### PROBLEM REQUIREMENTS
Could you repeat every record below exactly, leaving out the pictures?

### SUPPLIED RECORDS
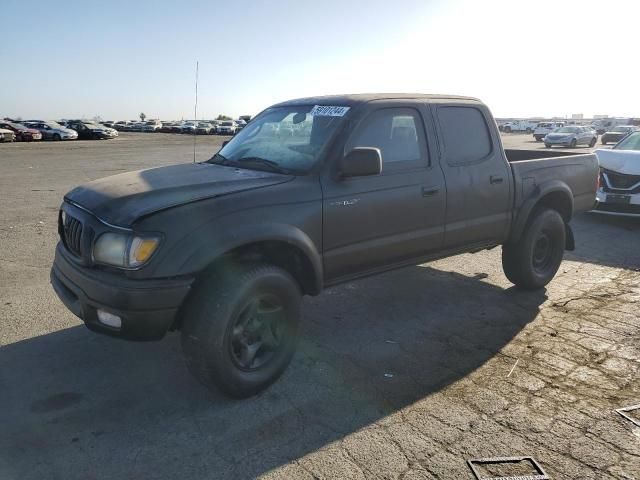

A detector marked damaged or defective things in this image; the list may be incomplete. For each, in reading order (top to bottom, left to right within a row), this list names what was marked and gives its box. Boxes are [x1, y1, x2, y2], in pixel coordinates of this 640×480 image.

cracked pavement [1, 134, 640, 480]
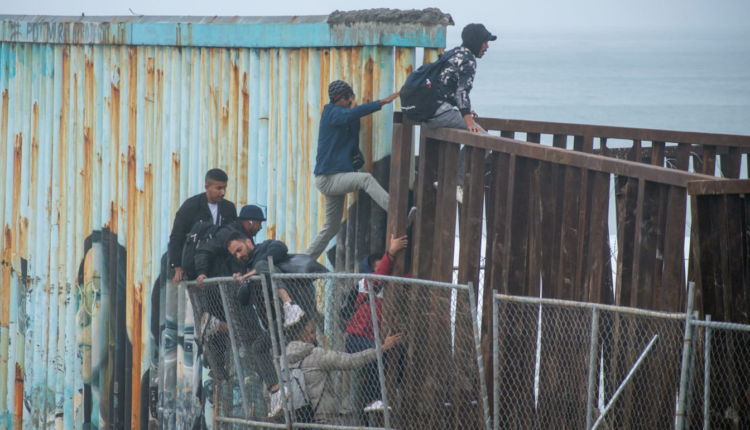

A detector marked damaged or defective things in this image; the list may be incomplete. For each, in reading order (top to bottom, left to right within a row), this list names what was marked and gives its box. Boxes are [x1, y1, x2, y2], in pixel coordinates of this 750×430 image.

rusty corrugated metal wall [0, 14, 446, 430]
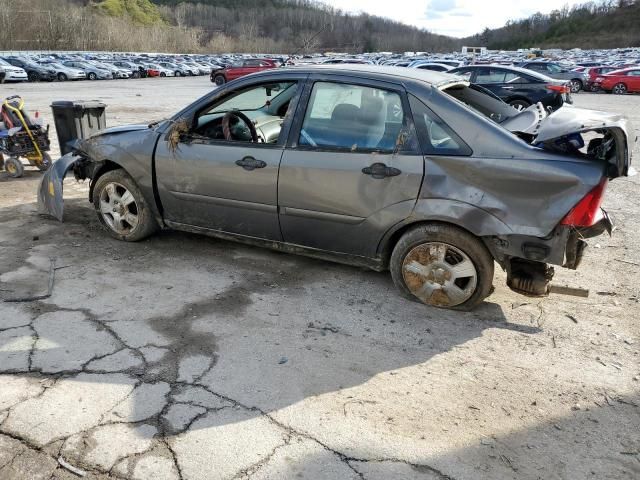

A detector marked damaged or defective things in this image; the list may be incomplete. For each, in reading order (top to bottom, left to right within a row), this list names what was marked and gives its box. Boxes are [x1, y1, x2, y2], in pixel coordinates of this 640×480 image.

wrecked car [37, 65, 632, 310]
damaged gray sedan [37, 64, 632, 312]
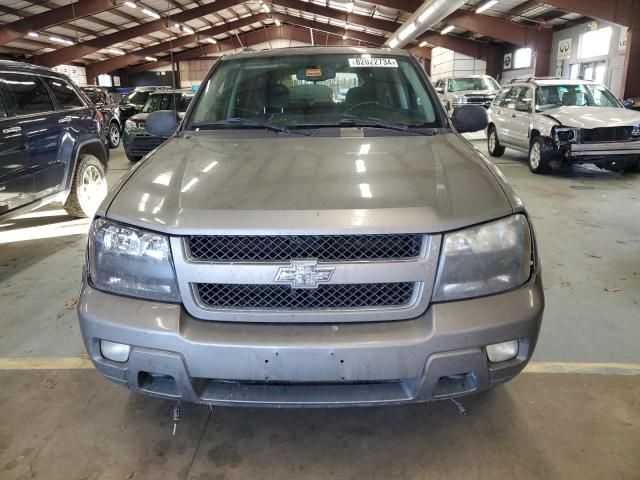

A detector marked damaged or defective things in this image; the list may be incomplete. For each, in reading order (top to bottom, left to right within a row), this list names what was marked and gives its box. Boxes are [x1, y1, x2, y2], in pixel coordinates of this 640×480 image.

damaged white car [488, 79, 636, 174]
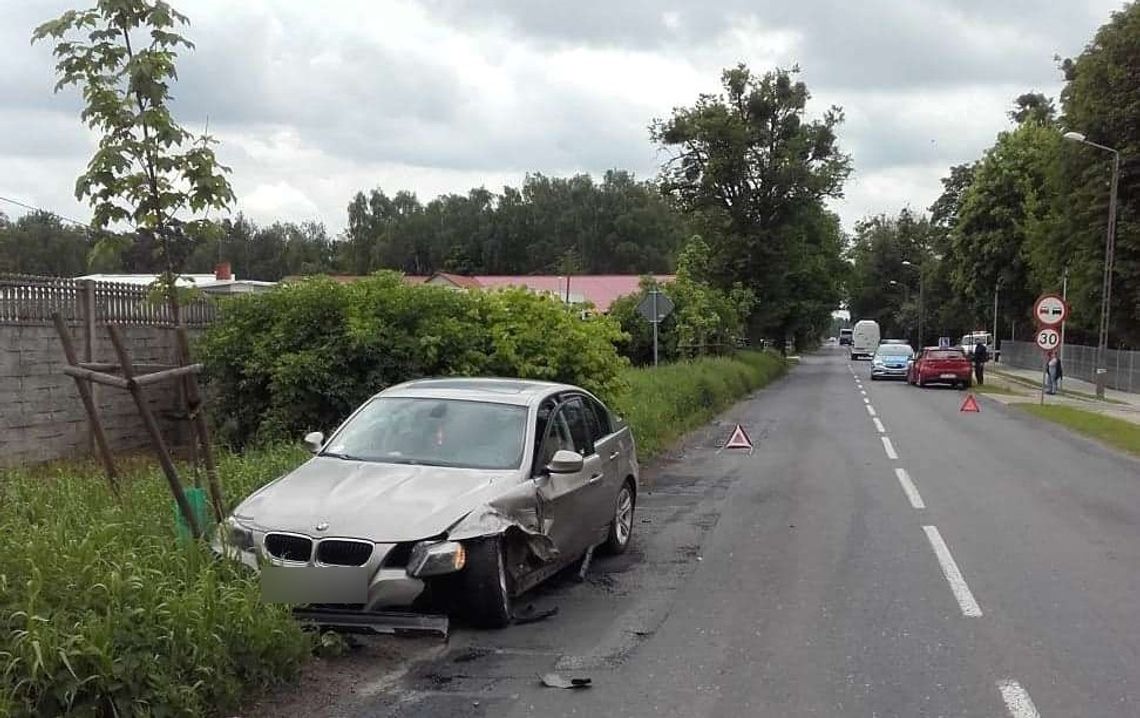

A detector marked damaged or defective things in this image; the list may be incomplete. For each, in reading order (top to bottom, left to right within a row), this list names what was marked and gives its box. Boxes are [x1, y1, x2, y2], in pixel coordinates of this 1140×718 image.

damaged silver bmw sedan [214, 380, 642, 629]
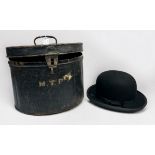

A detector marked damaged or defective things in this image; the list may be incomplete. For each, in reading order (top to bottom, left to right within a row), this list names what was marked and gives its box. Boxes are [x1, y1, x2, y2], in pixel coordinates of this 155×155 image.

rusted metal [6, 35, 83, 115]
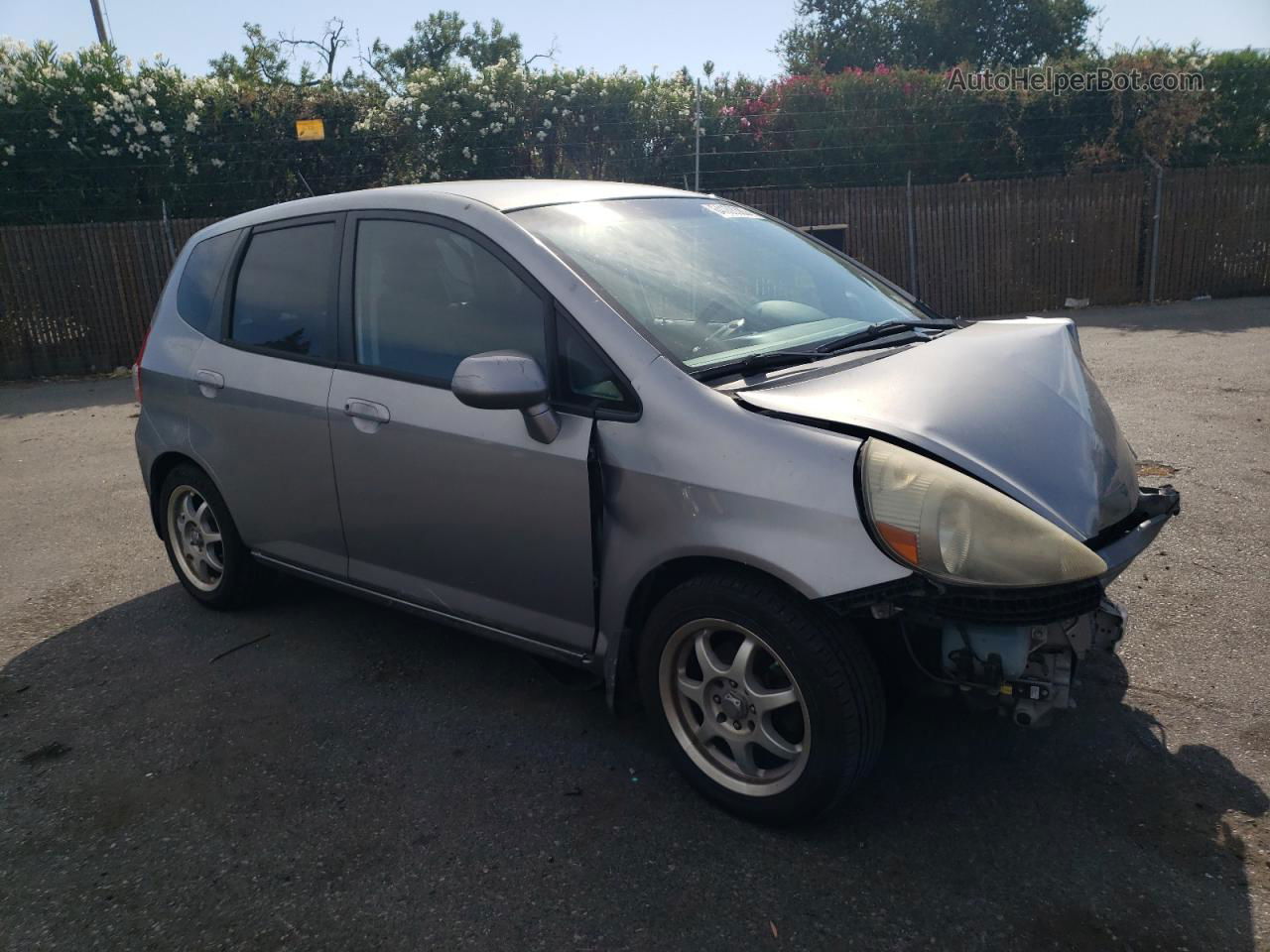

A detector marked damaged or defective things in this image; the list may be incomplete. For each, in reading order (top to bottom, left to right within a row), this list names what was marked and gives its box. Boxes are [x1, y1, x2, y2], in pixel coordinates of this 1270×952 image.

damaged silver hatchback [137, 180, 1183, 825]
crumpled front hood [734, 317, 1143, 536]
broken headlight [857, 440, 1103, 587]
front bumper damage [837, 488, 1175, 726]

### ANSWER SPACE
A detector marked damaged or defective things in this image; the list may be incomplete. For each, in reading order (top to bottom, left to right within a row), this list names what was marked and gives its box. Boxes are [x1, y1, x2, y2], in pixel coordinates of this 640×480 image.

cracked pavement [1, 134, 640, 480]

A detector marked damaged or defective things in this image; the list may be incomplete. For each, in reading order (top to bottom, left to right within a row), this list names what was marked and gives its box. Boxes are [x1, y1, x2, y2], in pixel coordinates of this 750×430 image.

rusty corrugated metal wall [0, 14, 446, 430]

A detector marked damaged or defective things in this image; the list may be incomplete. For each, in reading order (top to bottom, left to right within a row), this list names what was marked and gives its box. Boxes are [x1, y1, x2, y2], in pixel coordinates of this 640×480 image.

wrecked car [37, 65, 632, 310]
damaged gray sedan [37, 64, 632, 312]

A detector marked damaged or defective things in this image; the list may be incomplete. For each, in reading order (top to bottom, left to right within a row), this list names what was marked and gives its box. Boxes are [x1, y1, x2, y2], in pixel coordinates of this 640×480 image.

damaged white car [488, 79, 636, 174]

A detector marked damaged or defective things in this image; the list may be incomplete. For each, in reading order (top to bottom, left to right within a row), this list names what was marked and gives its box. Boxes are [x1, y1, x2, y2], in pixel coordinates of this 1140×718 image.

damaged silver bmw sedan [214, 380, 642, 629]

A detector marked damaged or defective things in this image; the list may be incomplete. For each, in reading order (top to bottom, left to right within a row), this list names what was marked and gives its box. Boxes are [x1, y1, x2, y2], in pixel coordinates of this 155×155 image.

rusted metal [6, 35, 83, 115]

A detector marked damaged or defective things in this image; the list may be incomplete. For each, in reading order (top to bottom, left to right within a row), this list names what was marked and gives its box. Boxes are [x1, y1, x2, y2], in pixel coordinates of this 1270×952 image.

damaged silver hatchback [137, 180, 1183, 825]
crumpled front hood [734, 317, 1143, 536]
broken headlight [857, 440, 1103, 587]
front bumper damage [837, 488, 1175, 726]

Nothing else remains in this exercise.